26 February 2023 436 Views

That Dahl Debate. In perspective.

by James Murphy

Ok, so. A publisher. That’s right. As in someone, entrusted with actual BOOKS. Tried censoring the work of ROALD DAHL. 

Now. The controversy has spoken for itself, if that’s possible? I cannot add much to the process.  But I will say a few things, anyway.

1:

Remember. If worried that we are teetering into Orwell country? No. We are NOT. This move into censoring Dahl has been opposed far more than embraced. That includes, by Government. A consequent U-Turn by publishers is imminent at time of writing.

Nobody ‘in power’ is asking for this, commissioning the process or endorsing the ideological implications of reverse engineering a dead author’s work?  

Is anyone knocking at your door and confiscating Dahl books? No. So please, avoid panic. On the other hand, if one does not act, now, then yes, complacency today could indeed give us book burning, tomorrow.

2:

I suspect the motivations here were commercial rather than even misguidedly pastoral? As in: at best case, they welcome in the WOKE generation to read Roald Dahl.

At worst? They enrage the old guard so much that new batches of the untainted original texts also get a run at the press. Either coincidence from inept stupidity or incredibly clever, shrewd, Machiavellian stealth marketing. 

3:

I have seen some berate Dahl whilst championing free speech and loathing the censorship of his work. Their main gripe appears an antisemitic bent underlying his wording on occasion. Fine.

Same can be said of Shakespeare, Dickens and any number of writers???

But those critics ought therefore, imho, be far more proactive, therefore, in say a prosecution of a mediocrity like Jeremy Clarkson, who, despite all his best efforts, remains uncancelled and therefore, save a few awkward weeks, unpunished. Seriously.

Living media and its influence and legacy are just as important as anything in print from a now dead author. Dahl was a product of an age in which people were matter of fact about race. Clarkson would like to think he is of that ilk, but isn’t.
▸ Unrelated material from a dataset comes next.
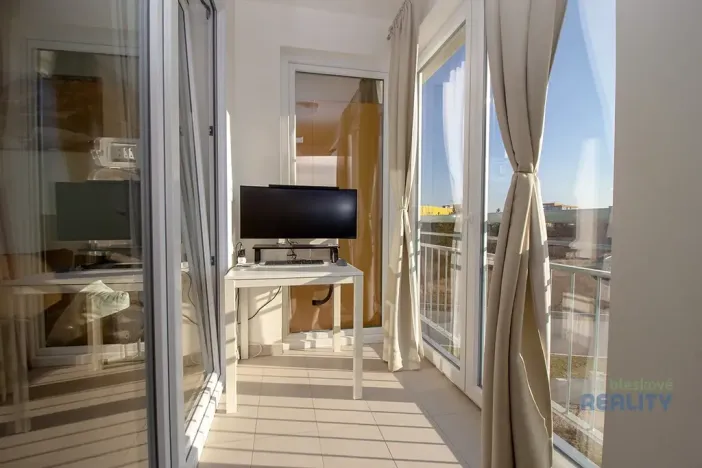 Pronájem bytu 2+kk, Praha - Stodůlky, Toufarova, 62 m2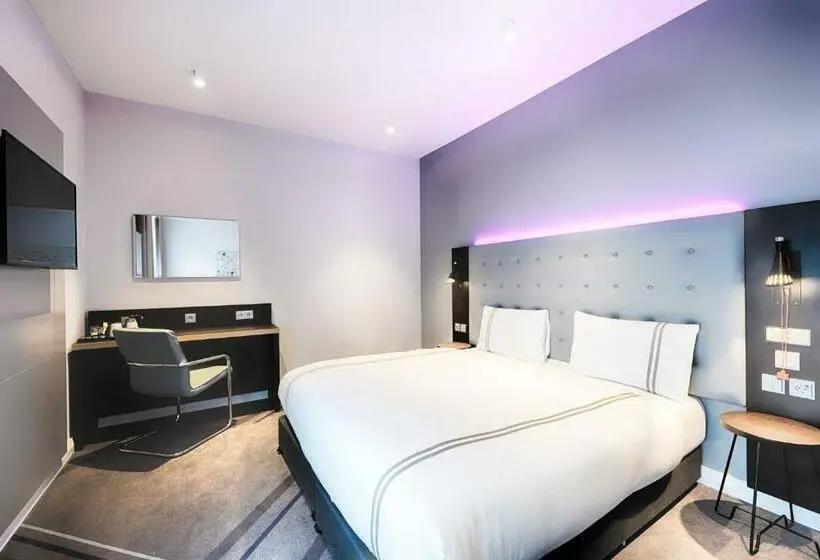 اتاق استاندارد برای معلولان, Premier Inn Regensburg City Centre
As for Dahl being racist? No. I won’t buy it. And in any event, he was willing to die to take down the ultimate iteration of race driven hatred and evil (Nazis). 

4: 

Roald Dahl, much like Ian Fleming (they were friends, exchanged ideas and helped out on mutual writer’s block on occasion) never claimed to be a ‘nice’ man or write blandly palatable stories. Bad literary lads, on side of greater utility good, perhaps? 

Their work was all about confrontation and containment of evil at its most macabre. Wrapped in an adult pulp fairy-tale packages; yet nonetheless moral, once the reader pierced the facade of sinister subversion.

That is part of our primal struggle, from the day we are born, until death and is a vital tool in both growth and survival. Storytelling helps educate children about real world dangers, via the lure and comfort of fantasy. 

‘Same is true, for so-called ‘grown-ups’; as they enjoy a solid thriller or roller-coaster ride at a park and so on.

Indeed, even the animal kingdom uses similar tactics and strategy. I once saw footage of young Orangutans, being schooled on the dangers of snakes. The initial impetus is for babies to play with the little squiggly thing on the ground. An adult scream alerts the young to the innate and mortal dangers which lie in failing to see the grotesque predator in the grass.

THAT, in a way, is the same skill as story-telling. Extreme exposure, to very real threats, dressed up, in the language of literature and lore. Water that down? And bigger bads emerge to consume you. 

5:

The truly insidious danger in politically correct doctoring of language is that it harms and hurts rather than heals or helps compassionate communication.

Basic descriptions are elongated, rather than simplified. People start tripping over their words, rather than relishing the oxygen of free speech.

In turn, both extreme left and right wings regroup. The disenfranchised speaker sees refuge in the despotic dictator; while leftist counterpart cement middle managerial hierarchies whereby everyone is classified yet nobody is truly individual.

THAT is the danger inherent in censoring Dahl or indeed, any writer. Words have lives of their own. The so called ‘kinder’ take on ‘fat’ or any other term, ironically, can be far crueller. Because it forces one to dwell on, rather than evade and triumph over being defined by what might be at worst a playful nudge and at best, a roughly short hand adjectival call-sign. 

IE: By taking down Dahl? You create the next generation of the very villainies he was dedicated to opposing.

Now, his work is not great literature, by any means. Indeed, much of it is pulpy, adolescent and very silly indeed. And that’s just the so called ‘adult’ short stories/novels (My Uncle Oswald).

That does not change the fact that, by attempting to tinker with his works, you awaken the sleeping (big, friendly) giant of their alliterative, imaginative, aesthetic and moral joys. Shutting down free speech cannot quell the power of free THOUGHT. 

And I suspect Mr Dahl is up there, somewhere, looking down and laughing at that delicious irony. An unexpected twist, indeed. Extensive media talk about = renewed drive for purchase of, his work.  He lived happily, ever after, through his books. The End?